Not everyone has someone they trust to babysit their kid or have the money to spend for a sitter.
I see what you're saying, 7, but learning how to behave in public is important for kids, too. Also, kids should learn that even if something's boring, sometimes you just have to do it—that's part of life. Not to mention how expensive getting a sitter for every shopping trip would be. I used to nanny for a stay-at-home mom, and I know how much they paid me to watch the kid while she ran errands. That's not something a lot of people can afford.
In some cases you can't leave the kid. My brother is not quite right in the head, he's got serious issues. Every time my mother tried to leave us with a babysitter he would slam his head into the walls and even hit the person, my mother usually had just enough time to go to the car before the babysitter begged her to come back. Before anyone mentions it, no, hitting him had no effect nor did punishing or talking. Some parents also don't trust strangers with their kids, which is understandable, some can't afford it, some kids are afraid of strangers and can't be left alone with a person they don't know. you can't just tell a parent to "leave their kid's ass" because guess what ? Usually when a parent is "dragging their kids along" they have a reason to do it.
That's not even remotely how things actually work.

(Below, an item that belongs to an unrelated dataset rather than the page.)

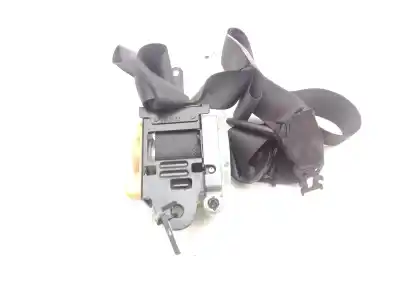 Tweedehands auto-onderdeel VEILIGHEIDSGORDEL LINKS VOOR voor OPEL INSIGNIA A (G09)  OEM IAM-referenties 5010C511DR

#7 you dont have kids, do you? while understandable, your comment is seriously flawed. if you dont take your kids with you to the store or two a restaurant, they will not be socialized and will not learn.... a store and a restaurant are meant to be family kind of places. there is a reason i have never and will NEVER be angry about a screaming kid in a store or a restaurant or anything. this is life....
some people can't afford babysitter's
Cruel but ingenious plan for next time he pulls something like this, when he kicks off go and stand just outside the entrance or out of sight, then when he can't see.or find you he really will have something to cry about and will have to admit he was lying to the staff to try and find you. Hopefully that'll teach him
No doubt the parent would be arrested for child abandonment or some such, should that plan be enacted. D'jever notice how that sort crap never happened back when it was socially acceptable to spank your kids for misbehaving? Not saying anything, just saying.

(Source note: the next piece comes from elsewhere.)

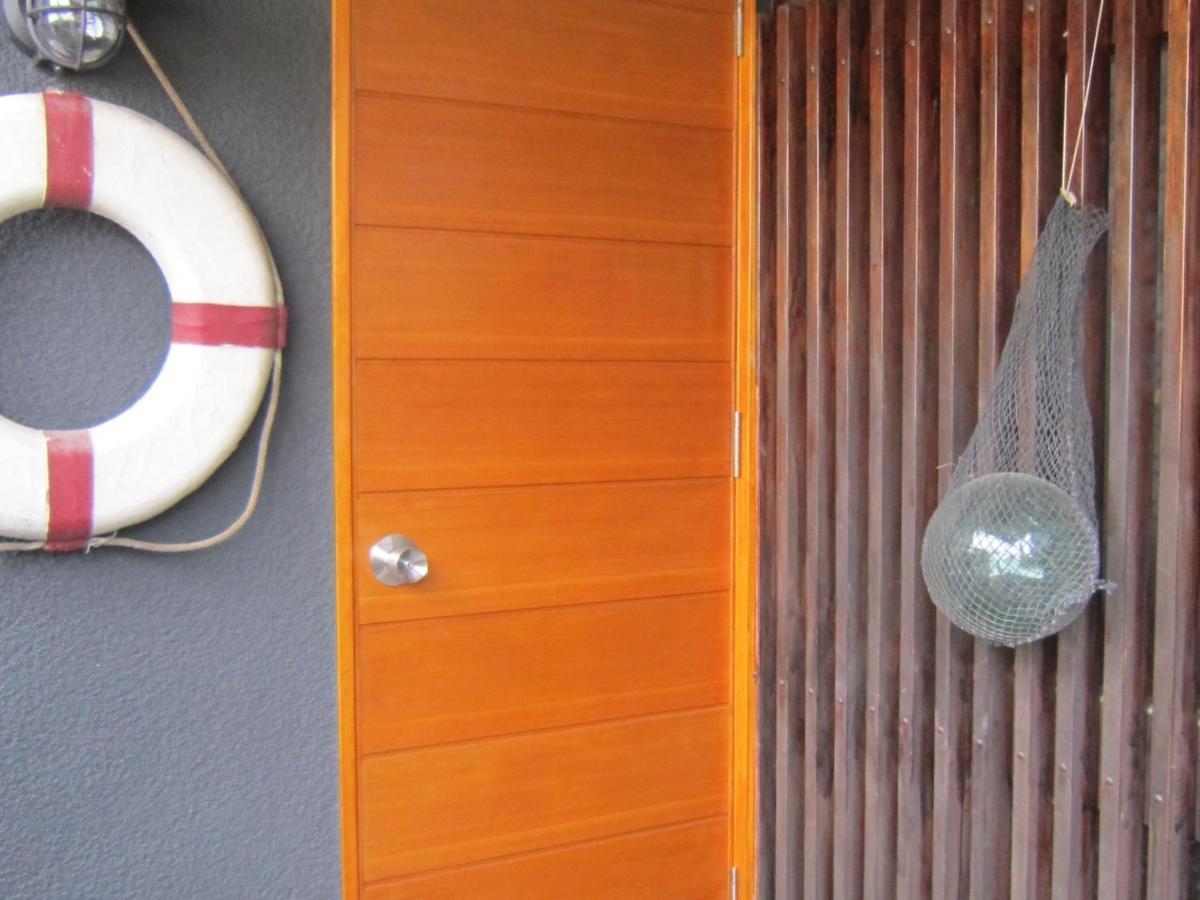 Marina And Numazu Dx1F - Vacation Stay 64527V Exterior photo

Actually it did happen, happened to my older sister when she would act up in the store, she soon stopped when she couldn't find my mum
#18, I highly doubt you would be arrested for child abandonment just because you walked a few feet away so your kid couldn't see you to teach them a lesson. Now if you actually left the store and drove off then I could see that becoming a problem.
I was also thinking something similar, except my version was harsher: telling your kid that the next time he/she does that, you'll leave without him and that you won't come back. It's terrible, I know, but sometimes, you have to use fear to discipline rebellious children.

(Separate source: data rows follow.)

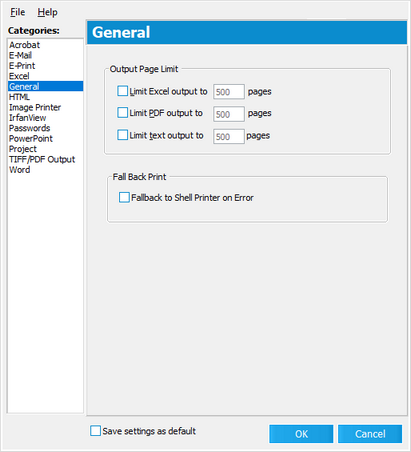 eprinttiff-pdfconversiongeneral_zoom80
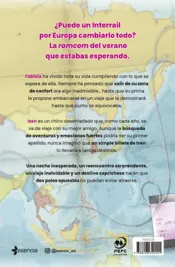 Miniatura contraportada Si tú supieras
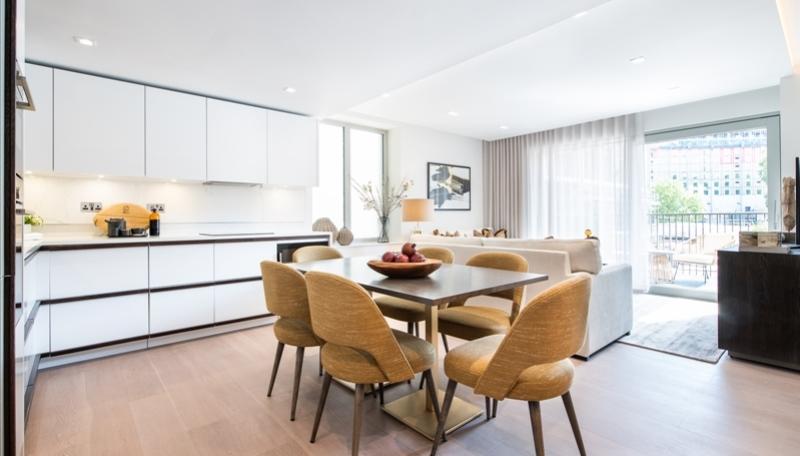 Lg p5896 637314591223939052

Then be a good stranger and leave him alone there. Put a "Clearance" sign on him for good measure before you leave.
That's illegal if not frowned upon in most civilized countries.
Keywords
Geez, that's clever but please make sure you explain the dangers of doing that to your son
Maybe if he doesn't listen when you explain why that is bad, perhaps ask a local law enforcement officer to talk to your kid. False reports are a serious thing.